While it is neither the highest nor the widest waterfall in the world, it is classified as the largest based on its width of 1,708 metres (5,604 ft) and height of 108 metres (354 ft), resulting in the world's largest sheet of falling water. Victoria Falls is roughly twice the height of North America's Niagara Falls and well over twice the width of its Horseshoe Falls. In height and width Victoria Falls is rivalled only by Argentina and Brazil's Iguazi Falls.

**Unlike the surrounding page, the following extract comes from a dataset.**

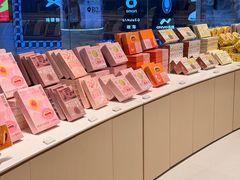 -好利来(上海长宁龙之梦店)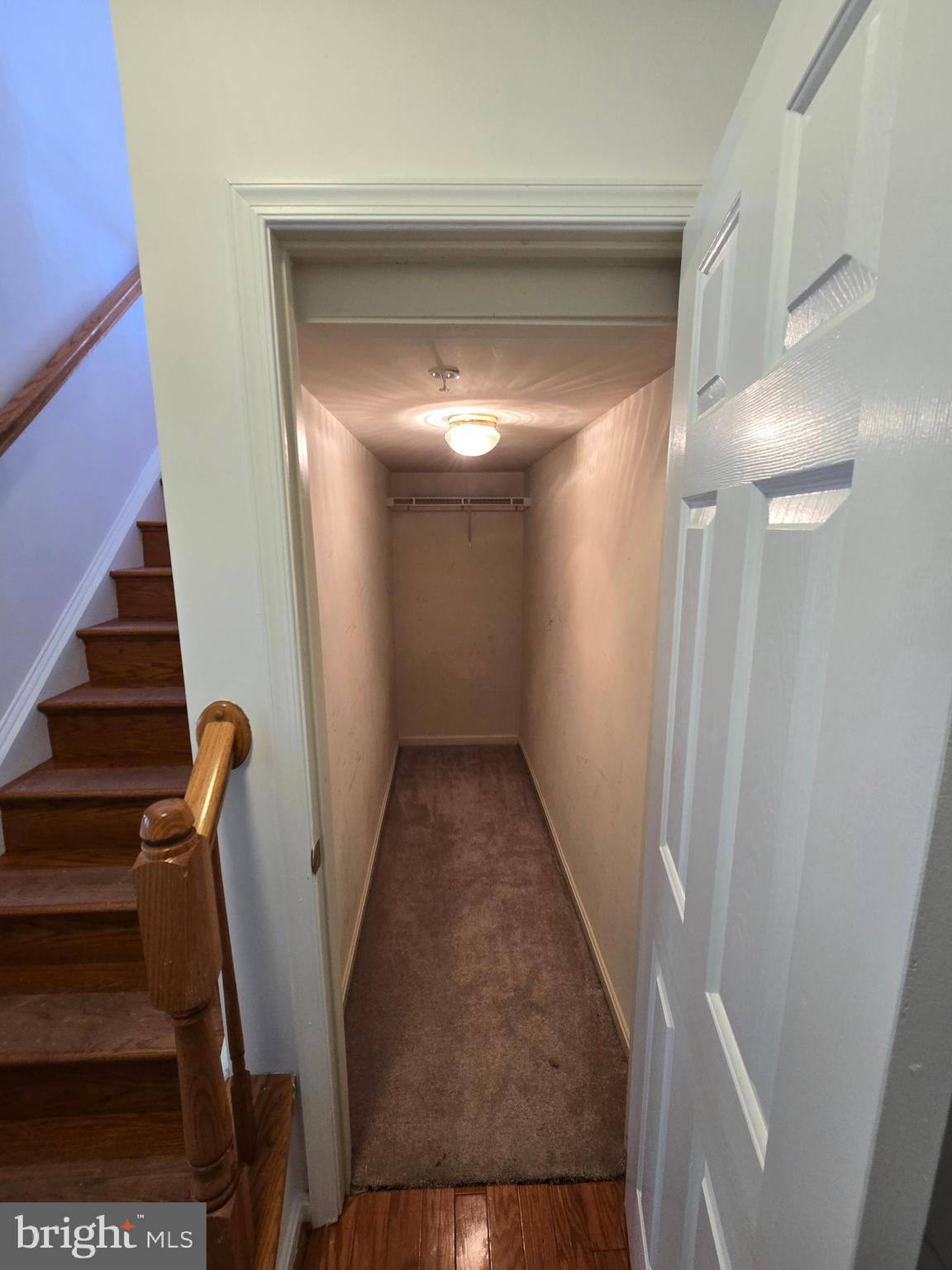 RETREAT AT FAIRWOOD TOWN - Residential Lease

The falls lies partly in Zimbabwe and partly in Zambia. The Zambia side is dry at this time of year preventing us from seeing the falls in its full glory, but also allowing us to see it at all! I'm told that during the wet season the spray is so thick that it is impossible to see into the gorge and that the falls seemingly "rains up". So, we were inadvertently fortunate. But even if half the falls was dry the rest of it gets your attention and "smoke that thunders" is indeed an appropriate appellation. I was not entirely comfortable peering over the cliff into the depths of its chasm...it's a long way down. Which causes me to comment on the brave (foolish?) souls who wade into a pool (Devil's Pool) where the water is shallow enough to wade to the brink of the falls and peer over the edge. There was a group taking that dare as we watched. My skin still crawls. Even though the water was only calf deep one slip would send one on a journey of no return for over 350 vertical feet. Not a wise bet in my book.